George, C.T.; Weedon, G.P.; Hayman, G.; Gerard, F.F. (2019). Leaf phenology synchrony for Meso- and South America v2. NERC Environmental Information Data Centre. https://doi.org/10.5285/dae416b4-3762-45bd-ae14-c554883d482c
The leaf phenology product presented here shows the amplitude of annual cycles observed in MODIS (Moderate Resolution Imaging Spectroradiometer) normalized difference vegetation index (NDVI) and enhanced vegetation index (EVI) 16-day time-series of 2000 to 2013 for Meso- and South America. The values given represent a conservative measure of the amplitude after the annual cycle was identified and tested for significance by means of the Fourier Transform. The amplitude was derived for four sets of vegtation indices (VI) time-series based on the MODIS VI products (500m MOD13A1; 1000m MOD13A2). The amplitude value can be interpreted as the degree in which the life cycles of individual leaves of plants observed within a pixel are synchronised. In other words, given the local variation in environment and climate and the diversity of species leaf life cycle strategies, an image pixel will represent vegetation communities behaving between two extremes:
* well synchronized, where the leaf bud burst and senescence of the individual plants within the pixel occurs near simultaneously, yielding a high amplitude value. Often this matches with an area of low species diversity (e.g. arable land) or with areas where the growth of all plants is controlled by the same driver (e.g. precipitation).
* poorly synchronized, where the leaf bud burst and senescence of individual plants within a pixel occurs at different times of the year, yielding a low amplitude value. Often this matches with an area of high species diversity and/or where several drivers could be controlling growth.

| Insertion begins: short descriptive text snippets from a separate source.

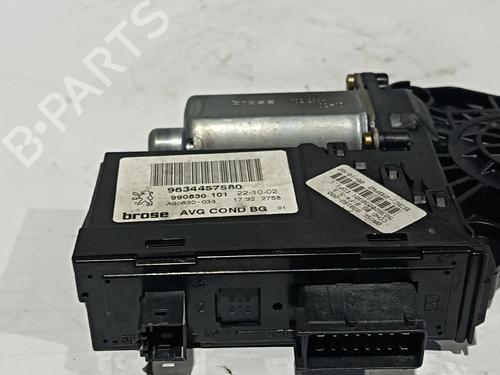 Left front window motor PEUGEOT 307 (3A/C)  | BP30041369E21
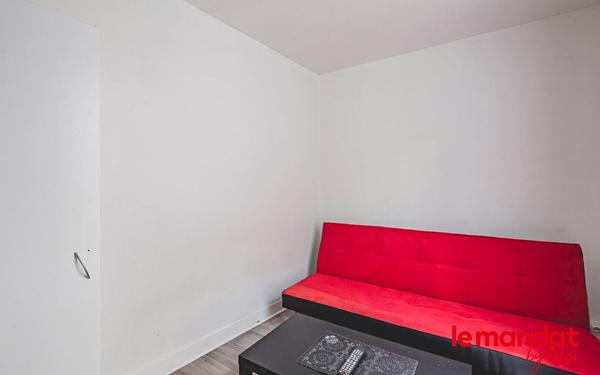 Appartement à vendre    2 pièces • 16 m2 Laon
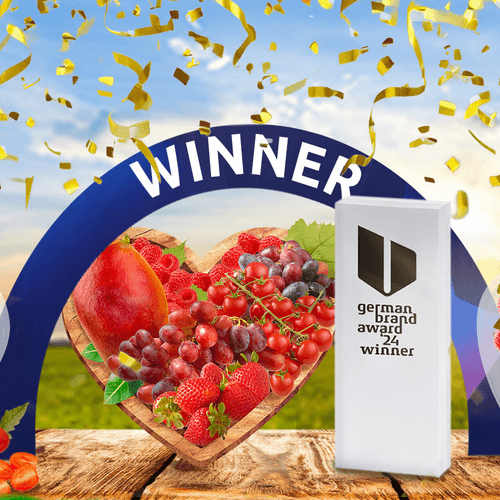 SanLucar gana el German Brand Award 2024
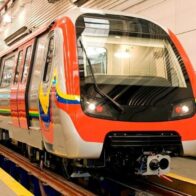 Metro de Caracas anuncia suspensión temporal del servicio tras sismo de magnitud 4,6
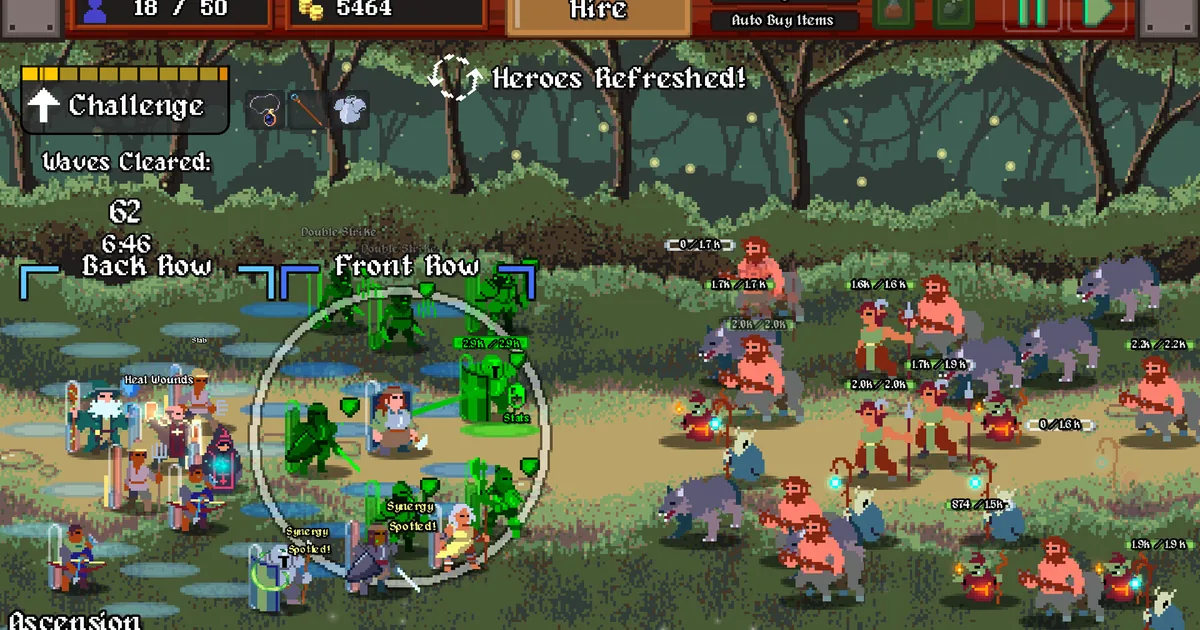 Article header image: Legionbound Battle Mode Guide: Endurance Runs 2026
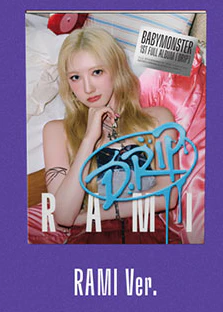 BABYMONSTER - 1st FULL ALBUM [DRIP] (YG TAG ALBUM VER.) - Image 6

The key underlying method is the Fourier Transform (FT) a well established and efficient methodology to analyse time series data. The FT can be used for the detection of regular cycles, even when hidden in a noisy background and when the time series in question contains data gaps. The FT estimates a power spectrum that indicates the average variance in a time series at different time scales or frequencies. Standard linear de-trending of the data before application of the FT allows an analysis of a 'stationary' time series as the mean and variance should ideally be more-or-less constant.

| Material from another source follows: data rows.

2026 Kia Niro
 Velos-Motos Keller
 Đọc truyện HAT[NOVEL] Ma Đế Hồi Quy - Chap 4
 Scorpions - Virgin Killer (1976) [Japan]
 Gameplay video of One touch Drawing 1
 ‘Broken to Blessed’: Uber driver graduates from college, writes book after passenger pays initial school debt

We used two approaches to evaluate the amplitude values. The first involved comparing the full extent of the amplitude data grids with the independent International Geosphere-Biosphere Programme (IGBP) land cover map. This was done with histograms showing the distribution of the amplitude values found within each of the IGBP cover classes. The second approach compared published in situ site observations that describe canopy leaf life cycles through leaf flushing and falling, LAI and litter fall or other observations, with the corresponding amplitude values of these sites.